→ **RECORD EXCERPTS**
##########
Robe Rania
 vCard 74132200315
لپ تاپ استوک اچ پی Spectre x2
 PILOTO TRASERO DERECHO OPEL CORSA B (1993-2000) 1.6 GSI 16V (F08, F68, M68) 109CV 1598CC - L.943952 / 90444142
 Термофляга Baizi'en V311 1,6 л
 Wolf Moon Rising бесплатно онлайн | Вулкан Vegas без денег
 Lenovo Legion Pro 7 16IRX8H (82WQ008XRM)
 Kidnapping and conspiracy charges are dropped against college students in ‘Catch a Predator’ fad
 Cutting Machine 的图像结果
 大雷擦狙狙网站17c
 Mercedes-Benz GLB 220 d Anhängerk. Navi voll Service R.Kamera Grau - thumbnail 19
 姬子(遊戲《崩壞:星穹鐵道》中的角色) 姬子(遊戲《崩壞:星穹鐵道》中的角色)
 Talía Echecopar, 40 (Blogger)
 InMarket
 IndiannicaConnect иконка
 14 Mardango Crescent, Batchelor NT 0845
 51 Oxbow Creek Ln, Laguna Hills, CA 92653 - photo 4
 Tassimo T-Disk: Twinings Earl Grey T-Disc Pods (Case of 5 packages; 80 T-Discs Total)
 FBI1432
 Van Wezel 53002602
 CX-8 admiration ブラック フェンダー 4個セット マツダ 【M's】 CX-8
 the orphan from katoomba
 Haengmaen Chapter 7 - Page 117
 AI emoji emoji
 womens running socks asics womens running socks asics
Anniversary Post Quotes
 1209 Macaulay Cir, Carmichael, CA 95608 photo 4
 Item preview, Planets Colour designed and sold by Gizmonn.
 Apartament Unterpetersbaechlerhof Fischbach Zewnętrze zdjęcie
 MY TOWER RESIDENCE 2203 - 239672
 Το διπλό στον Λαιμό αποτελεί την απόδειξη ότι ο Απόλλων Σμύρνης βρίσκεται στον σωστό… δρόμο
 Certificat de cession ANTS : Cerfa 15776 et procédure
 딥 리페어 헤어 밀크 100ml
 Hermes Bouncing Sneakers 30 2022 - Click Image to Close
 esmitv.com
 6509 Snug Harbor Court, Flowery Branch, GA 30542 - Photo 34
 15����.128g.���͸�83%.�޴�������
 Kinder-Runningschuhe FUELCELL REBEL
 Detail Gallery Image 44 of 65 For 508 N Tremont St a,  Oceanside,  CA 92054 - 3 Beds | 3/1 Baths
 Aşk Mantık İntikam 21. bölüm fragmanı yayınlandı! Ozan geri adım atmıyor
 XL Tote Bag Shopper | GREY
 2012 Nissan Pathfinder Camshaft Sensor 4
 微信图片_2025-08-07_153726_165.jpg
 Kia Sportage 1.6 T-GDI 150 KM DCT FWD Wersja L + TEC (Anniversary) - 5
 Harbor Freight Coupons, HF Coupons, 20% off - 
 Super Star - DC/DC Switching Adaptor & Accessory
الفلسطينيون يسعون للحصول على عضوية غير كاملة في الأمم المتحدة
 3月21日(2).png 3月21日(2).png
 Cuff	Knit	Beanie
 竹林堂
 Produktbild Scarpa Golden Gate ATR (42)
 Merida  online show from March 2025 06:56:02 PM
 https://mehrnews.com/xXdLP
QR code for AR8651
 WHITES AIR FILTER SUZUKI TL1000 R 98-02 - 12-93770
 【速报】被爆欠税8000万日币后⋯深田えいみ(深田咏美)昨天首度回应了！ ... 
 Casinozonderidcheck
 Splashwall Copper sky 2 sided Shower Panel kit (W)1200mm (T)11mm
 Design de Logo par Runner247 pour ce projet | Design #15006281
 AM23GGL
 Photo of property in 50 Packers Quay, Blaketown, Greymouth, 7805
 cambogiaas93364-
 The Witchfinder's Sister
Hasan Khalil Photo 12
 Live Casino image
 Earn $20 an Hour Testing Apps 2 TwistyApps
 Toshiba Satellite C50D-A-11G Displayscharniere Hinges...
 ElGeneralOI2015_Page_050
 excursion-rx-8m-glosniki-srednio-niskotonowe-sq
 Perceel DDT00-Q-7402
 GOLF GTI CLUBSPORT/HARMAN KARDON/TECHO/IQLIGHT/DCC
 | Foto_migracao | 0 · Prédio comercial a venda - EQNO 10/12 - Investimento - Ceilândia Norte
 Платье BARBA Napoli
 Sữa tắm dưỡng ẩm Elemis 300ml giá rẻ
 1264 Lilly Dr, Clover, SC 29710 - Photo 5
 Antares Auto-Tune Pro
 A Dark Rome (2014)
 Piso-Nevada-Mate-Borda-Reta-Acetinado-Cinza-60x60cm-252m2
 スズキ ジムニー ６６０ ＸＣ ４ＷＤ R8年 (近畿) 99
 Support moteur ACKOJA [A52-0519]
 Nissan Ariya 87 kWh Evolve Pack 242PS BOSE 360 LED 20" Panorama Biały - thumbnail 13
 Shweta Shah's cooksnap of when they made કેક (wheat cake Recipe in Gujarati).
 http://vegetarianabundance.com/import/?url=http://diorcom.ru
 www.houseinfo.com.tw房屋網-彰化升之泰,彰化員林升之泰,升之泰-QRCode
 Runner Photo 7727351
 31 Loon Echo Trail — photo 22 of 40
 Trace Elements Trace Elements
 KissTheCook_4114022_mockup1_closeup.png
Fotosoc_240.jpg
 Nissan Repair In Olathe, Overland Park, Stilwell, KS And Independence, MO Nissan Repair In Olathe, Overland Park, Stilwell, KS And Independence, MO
##########
→ **WHAT YOU ARE ASKED TO DO**
Everything from the line with "- Ceilândia Norte" through the line with "Runner Photo 7727351" in the listing above must be retyped exactly, with nothing added.

→ **SOLUTION TO THE EXERCISE**
 | Foto_migracao | 0 · Prédio comercial a venda - EQNO 10/12 - Investimento - Ceilândia Norte
 Платье BARBA Napoli
 Sữa tắm dưỡng ẩm Elemis 300ml giá rẻ
 1264 Lilly Dr, Clover, SC 29710 - Photo 5
 Antares Auto-Tune Pro
 A Dark Rome (2014)
 Piso-Nevada-Mate-Borda-Reta-Acetinado-Cinza-60x60cm-252m2
 スズキ ジムニー ６６０ ＸＣ ４ＷＤ R8年 (近畿) 99
 Support moteur ACKOJA [A52-0519]
 Nissan Ariya 87 kWh Evolve Pack 242PS BOSE 360 LED 20" Panorama Biały - thumbnail 13
 Shweta Shah's cooksnap of when they made કેક (wheat cake Recipe in Gujarati).
 http://vegetarianabundance.com/import/?url=http://diorcom.ru
 www.houseinfo.com.tw房屋網-彰化升之泰,彰化員林升之泰,升之泰-QRCode
 Runner Photo 7727351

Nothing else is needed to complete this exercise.